▶ TASK GOAL: Report every line of the listing below in which the string "iPad" appears.

THE DATA START

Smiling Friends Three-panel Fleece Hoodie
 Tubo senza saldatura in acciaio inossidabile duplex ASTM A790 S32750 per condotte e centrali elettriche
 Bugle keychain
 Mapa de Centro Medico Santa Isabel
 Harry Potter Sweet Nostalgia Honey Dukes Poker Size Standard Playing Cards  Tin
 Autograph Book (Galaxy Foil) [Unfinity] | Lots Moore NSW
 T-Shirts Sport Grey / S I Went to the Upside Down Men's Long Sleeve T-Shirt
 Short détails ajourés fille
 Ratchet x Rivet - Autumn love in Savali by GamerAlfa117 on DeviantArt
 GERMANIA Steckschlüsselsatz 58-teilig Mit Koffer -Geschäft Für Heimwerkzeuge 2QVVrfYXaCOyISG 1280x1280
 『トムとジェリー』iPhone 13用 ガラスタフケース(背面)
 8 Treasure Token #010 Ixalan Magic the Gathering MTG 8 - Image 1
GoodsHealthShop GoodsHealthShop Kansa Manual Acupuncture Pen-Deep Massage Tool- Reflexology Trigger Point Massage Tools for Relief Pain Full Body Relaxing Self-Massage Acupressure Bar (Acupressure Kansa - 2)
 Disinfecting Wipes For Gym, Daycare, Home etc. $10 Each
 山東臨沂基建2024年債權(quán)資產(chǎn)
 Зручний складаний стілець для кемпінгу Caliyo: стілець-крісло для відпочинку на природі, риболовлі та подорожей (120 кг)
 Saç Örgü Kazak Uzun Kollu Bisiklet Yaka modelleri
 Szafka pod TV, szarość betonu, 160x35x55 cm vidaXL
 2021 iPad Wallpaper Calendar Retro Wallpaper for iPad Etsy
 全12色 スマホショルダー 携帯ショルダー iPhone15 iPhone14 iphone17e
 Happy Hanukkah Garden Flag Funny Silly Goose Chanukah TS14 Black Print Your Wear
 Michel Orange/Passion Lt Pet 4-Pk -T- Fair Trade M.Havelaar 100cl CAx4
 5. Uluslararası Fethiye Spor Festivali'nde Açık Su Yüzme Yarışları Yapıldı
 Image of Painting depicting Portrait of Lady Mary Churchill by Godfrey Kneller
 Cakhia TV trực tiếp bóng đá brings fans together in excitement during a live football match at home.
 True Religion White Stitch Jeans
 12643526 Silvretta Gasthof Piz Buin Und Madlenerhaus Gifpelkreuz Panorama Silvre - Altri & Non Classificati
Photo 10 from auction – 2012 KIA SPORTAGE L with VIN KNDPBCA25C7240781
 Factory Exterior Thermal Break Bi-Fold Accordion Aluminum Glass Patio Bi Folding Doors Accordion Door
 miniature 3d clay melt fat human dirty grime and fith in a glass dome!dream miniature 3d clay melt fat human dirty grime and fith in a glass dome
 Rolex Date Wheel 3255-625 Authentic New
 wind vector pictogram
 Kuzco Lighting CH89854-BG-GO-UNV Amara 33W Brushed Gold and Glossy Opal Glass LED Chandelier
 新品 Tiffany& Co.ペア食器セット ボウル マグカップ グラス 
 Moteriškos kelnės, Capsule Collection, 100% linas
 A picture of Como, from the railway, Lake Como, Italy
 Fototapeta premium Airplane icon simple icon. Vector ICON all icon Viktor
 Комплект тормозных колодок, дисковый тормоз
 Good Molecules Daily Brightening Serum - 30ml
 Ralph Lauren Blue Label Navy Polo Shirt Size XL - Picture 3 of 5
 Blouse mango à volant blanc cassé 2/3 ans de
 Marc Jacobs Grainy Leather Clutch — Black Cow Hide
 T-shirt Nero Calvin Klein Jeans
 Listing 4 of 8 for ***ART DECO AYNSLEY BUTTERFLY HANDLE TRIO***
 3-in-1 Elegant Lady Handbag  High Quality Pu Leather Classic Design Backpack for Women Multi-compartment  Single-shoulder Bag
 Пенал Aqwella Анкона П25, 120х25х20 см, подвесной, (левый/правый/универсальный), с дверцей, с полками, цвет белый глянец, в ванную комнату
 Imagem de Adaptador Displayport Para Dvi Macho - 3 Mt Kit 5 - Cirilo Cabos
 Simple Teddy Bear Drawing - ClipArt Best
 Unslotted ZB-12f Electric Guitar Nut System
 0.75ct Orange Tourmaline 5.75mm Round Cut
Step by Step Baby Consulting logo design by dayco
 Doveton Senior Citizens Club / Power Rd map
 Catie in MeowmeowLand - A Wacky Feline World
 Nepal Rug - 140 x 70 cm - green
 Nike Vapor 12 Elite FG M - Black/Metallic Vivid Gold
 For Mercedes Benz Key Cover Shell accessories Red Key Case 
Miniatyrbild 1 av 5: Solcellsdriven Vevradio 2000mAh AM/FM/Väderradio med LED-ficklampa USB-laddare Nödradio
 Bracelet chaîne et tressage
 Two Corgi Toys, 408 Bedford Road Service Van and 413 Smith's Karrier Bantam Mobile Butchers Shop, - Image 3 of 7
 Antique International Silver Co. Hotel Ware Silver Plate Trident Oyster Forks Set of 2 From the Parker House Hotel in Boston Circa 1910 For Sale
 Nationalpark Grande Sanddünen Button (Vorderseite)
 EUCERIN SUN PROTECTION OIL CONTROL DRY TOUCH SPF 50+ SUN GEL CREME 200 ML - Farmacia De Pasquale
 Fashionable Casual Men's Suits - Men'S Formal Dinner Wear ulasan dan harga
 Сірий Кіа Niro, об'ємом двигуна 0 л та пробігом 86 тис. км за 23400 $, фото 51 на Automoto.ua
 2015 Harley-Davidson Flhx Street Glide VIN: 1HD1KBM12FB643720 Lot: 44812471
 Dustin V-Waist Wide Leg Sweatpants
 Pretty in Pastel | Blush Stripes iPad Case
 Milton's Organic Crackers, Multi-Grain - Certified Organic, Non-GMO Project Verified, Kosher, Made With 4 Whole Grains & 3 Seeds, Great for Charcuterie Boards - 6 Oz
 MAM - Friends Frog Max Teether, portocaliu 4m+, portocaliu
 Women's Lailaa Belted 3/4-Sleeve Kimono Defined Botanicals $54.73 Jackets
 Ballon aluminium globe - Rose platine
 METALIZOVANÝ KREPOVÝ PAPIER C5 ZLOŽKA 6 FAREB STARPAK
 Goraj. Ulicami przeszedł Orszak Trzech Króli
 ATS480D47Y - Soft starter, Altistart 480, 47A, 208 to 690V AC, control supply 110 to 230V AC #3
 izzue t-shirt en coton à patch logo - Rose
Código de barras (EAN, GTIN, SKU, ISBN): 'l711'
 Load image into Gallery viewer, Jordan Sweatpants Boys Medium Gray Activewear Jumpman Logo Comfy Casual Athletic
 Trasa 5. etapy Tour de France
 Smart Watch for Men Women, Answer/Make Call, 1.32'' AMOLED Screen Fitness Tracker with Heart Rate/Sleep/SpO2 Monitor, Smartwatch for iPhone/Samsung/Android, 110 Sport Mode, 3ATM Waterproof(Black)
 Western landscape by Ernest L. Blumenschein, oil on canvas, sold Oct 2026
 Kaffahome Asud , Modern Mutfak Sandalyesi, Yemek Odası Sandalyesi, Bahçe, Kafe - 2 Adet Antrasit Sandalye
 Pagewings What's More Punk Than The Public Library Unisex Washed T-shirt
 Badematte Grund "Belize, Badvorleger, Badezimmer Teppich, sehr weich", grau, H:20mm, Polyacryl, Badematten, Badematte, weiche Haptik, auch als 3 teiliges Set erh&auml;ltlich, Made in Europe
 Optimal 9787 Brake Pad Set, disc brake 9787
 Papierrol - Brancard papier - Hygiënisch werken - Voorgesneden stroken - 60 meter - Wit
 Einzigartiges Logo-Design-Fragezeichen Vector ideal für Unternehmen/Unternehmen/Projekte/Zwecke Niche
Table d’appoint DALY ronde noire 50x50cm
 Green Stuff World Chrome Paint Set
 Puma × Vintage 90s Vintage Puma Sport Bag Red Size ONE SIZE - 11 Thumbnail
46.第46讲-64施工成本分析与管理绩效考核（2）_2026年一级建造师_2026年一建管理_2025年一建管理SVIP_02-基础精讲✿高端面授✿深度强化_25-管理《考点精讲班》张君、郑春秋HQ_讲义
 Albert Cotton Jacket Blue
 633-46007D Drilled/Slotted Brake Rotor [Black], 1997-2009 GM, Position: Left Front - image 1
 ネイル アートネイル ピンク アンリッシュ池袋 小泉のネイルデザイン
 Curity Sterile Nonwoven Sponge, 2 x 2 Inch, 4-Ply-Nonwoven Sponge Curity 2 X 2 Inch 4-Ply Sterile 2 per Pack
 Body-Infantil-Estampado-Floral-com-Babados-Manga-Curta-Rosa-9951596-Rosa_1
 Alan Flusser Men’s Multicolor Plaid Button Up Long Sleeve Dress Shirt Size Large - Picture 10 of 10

THE DATA END

▶ RESULT:
 2021 iPad Wallpaper Calendar Retro Wallpaper for iPad Etsy
 Pretty in Pastel | Blush Stripes iPad Case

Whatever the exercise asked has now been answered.